The first boat we read of, floated on an ocean, that with Portuguese vengeance had whelmed a whole world without leaving so much as a widow. That same ocean rolls now; that same ocean destroyed the wrecked ships of last year. Yea, foolish mortals, Noah’s flood is not yet subsided; two thirds of the fair world it yet covers.

Water is us, and it is not us; it is a symbol of life, and it is nearly as hostile and foreign to landbound life as is outer space.

The BBC radio show “In Our Time” has a terrific episode about water, its chemical construction, and its simultaneous abundance and scarcity in the universe. I’d always thought there was something chauvinistic in scientists’ search for liquid water on other planets: sure, it’s essential to life as we know it on earth, but in all the infinite possibilities of the universe, couldn’t another molecule do the same job?

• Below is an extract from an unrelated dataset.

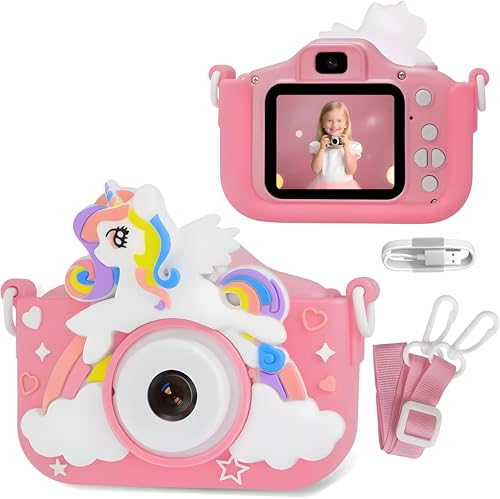 Image of Kids Digital Camera with Selfie Mode for Girls Boys, Unicorn Camera with 1080P Video Recording, 2 Inch Screen, 8X Zoom, Filters, Games & Music Player, Rechargeable Gift Toy for Kids Pink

It turns out liquid water really is, at a chemical level, probably uniquely suited for generating and fostering life:

The periodic table restricts the elements available for life with carbon, nitrogen, oxygen and hydrogen being the four commonest reactive elements in the Universe. Carbon would seem to be the most important as it can produce an enormous range of compounds (organic chemistry). Other elements such as sulfur and silicon cannot form the complexity of molecules necessary for life, Silicon, in particular, tends to form stable silicates. Life on Earth contains these plus many other commonly found elements. All these elements (except hydrogen) are created inside stars and, if common, will form simple compounds in space, with dust particles in space containing up to 35% organic carbon. For forming part of life, molecules need to be relatively easy both to form and to break down and to be relatively stable within a liquid environment.

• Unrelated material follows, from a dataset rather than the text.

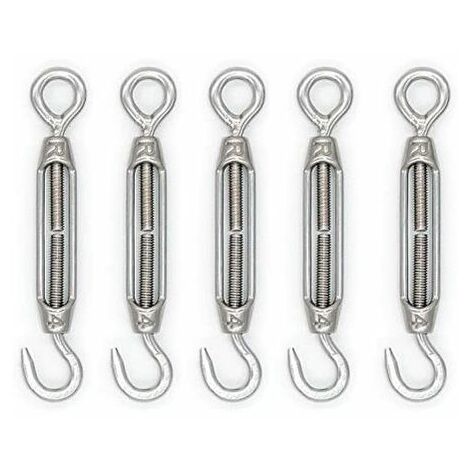 M4 / M5 / M6 / M8 304 Stainless Steel Hook and Eye Turnbuckle - Pack of 5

A stable liquid medium is required, such as water, with other candidate liquids such as N2, H2S, NH3 and glassy silica being liquid only at low temperatures giving slow reaction rates, or at high temperatures that are destructive and too viscous. Also many of theses putative media freeze from the bottom up that would tend to prevent the establishment of life.

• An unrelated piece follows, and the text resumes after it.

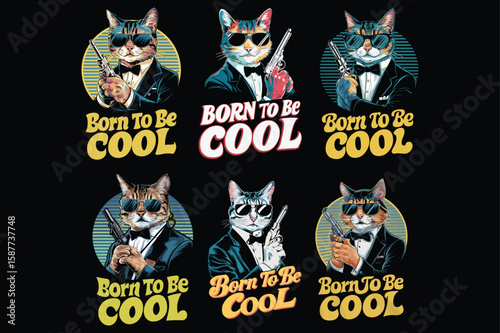 Cats in suits holding guns sunglasses retro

Basically (and please forgive me if I screw this up), it comes back to that hydrogen bonding we kinda-sorta learned about in first-year chemistry. The structure and polarity of liquid water, with two hydrogens on one side and one oxygen on the other, and the exact strength of those hydrogen bonds, makes it uniquely suited to store energy, dissolve compounds, and transmit both of these things from place to place. Salts, enzymes, minerals, oxygen: all of these get pumped through our bodies by way of water. It is very difficult to imagine or even mathematically model any other way to do the same range of jobs.

Phillipe Water Mafia.png

What could Earthlings do if everyone, everywhere had an infinite supply of water?

You start to carry water with you everywhere. Sometimes after getting home from work you drink from the kitchen faucet in great, hiccuping gulps. In no time at all you’ve moved from eight cups a day to a few gallons. Anyone else might have died of hyponatremia by now, but not you. You only grow stronger and more beautiful….

Every country in the world bans the drinking of any beverage other than water. All droughts cease; deserts erupt in a riot of frondescence. You twirl in delight, slowly at first, round and round, as the entire world joins you in drinking more water. Everyone is drinking more water now. A soft, cool rain begins to fall. “She’s the one,” you hear someone whisper before you ascend to a plane of existence where human vocalizations no longer mean anything to you. “The one who drinks a lot of water.”